• **Task objective**: Copy the data below exactly, but not the pictures it contains.

━━ Exercise data

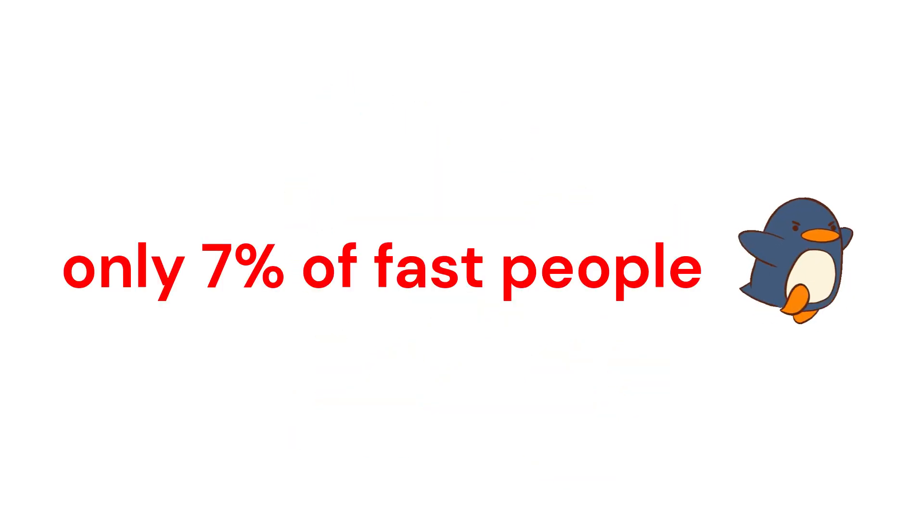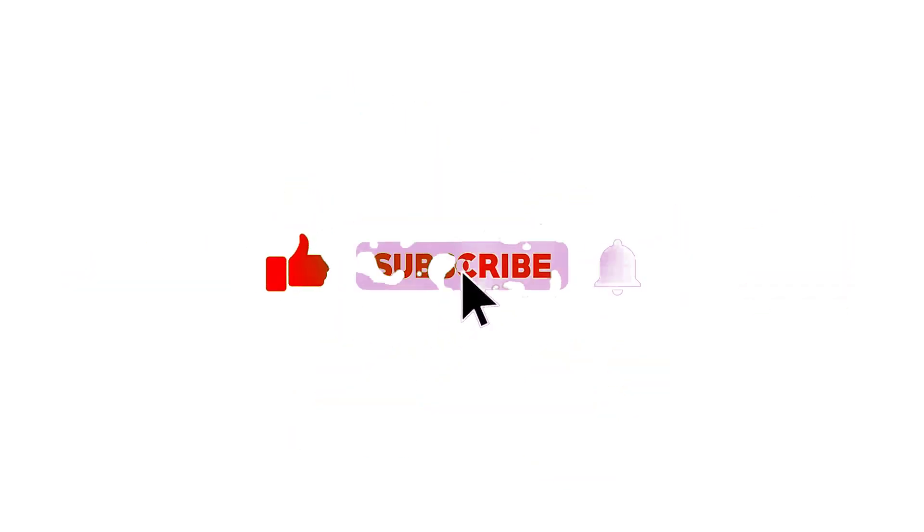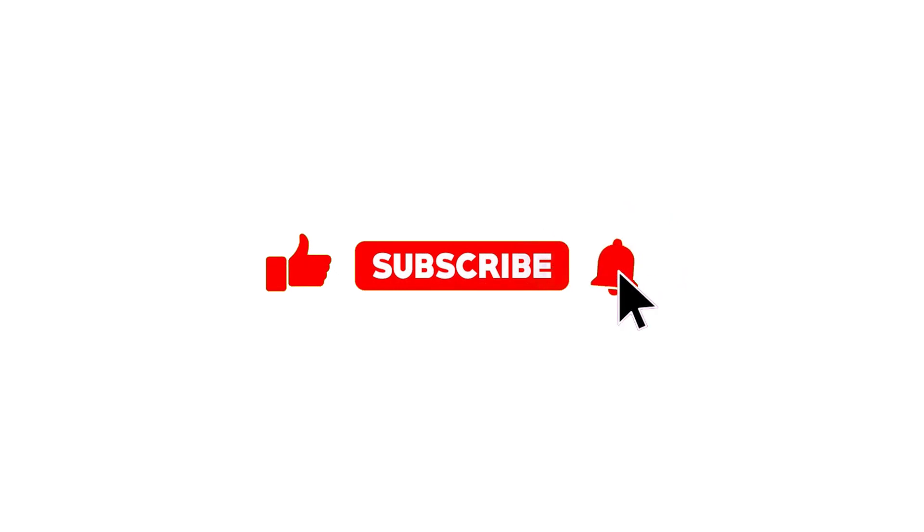But first, only 7% of fast people can like the video and subscribe before I start the trick in 3, 2, 1.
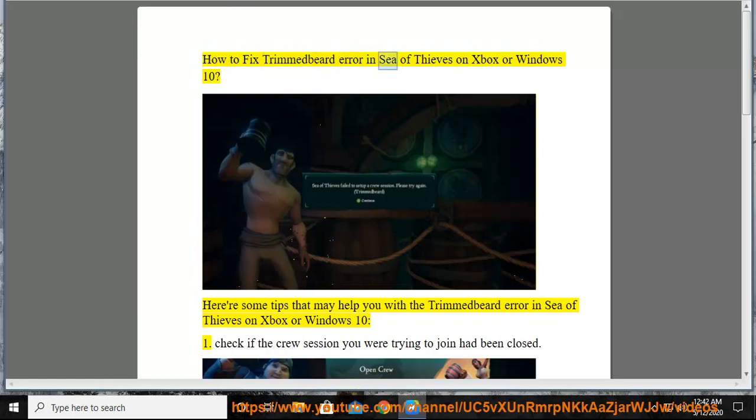How to Fix Trimmed Beard Error in Sea of Thieves on Xbox or Windows 10. Here are some tips that may help you with the Trimmed Beard Error in Sea of Thieves on Xbox or Windows 10.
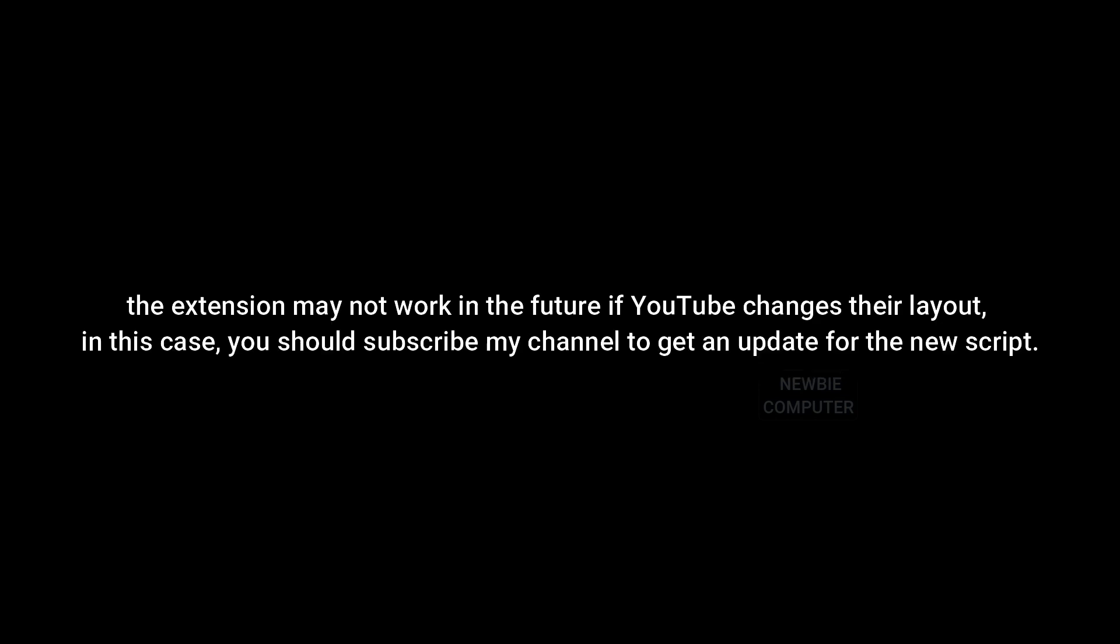The extension may not work in the future if YouTube changes their layout. In this case, you should subscribe to my channel to get an update for the new script.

━━━━

• **Exercise output**:
But first, only 7% of fast people can like the video and subscribe before I start the trick in 3, 2, 1.
How to Fix Trimmed Beard Error in Sea of Thieves on Xbox or Windows 10. Here are some tips that may help you with the Trimmed Beard Error in Sea of Thieves on Xbox or Windows 10.
The extension may not work in the future if YouTube changes their layout. In this case, you should subscribe to my channel to get an update for the new script.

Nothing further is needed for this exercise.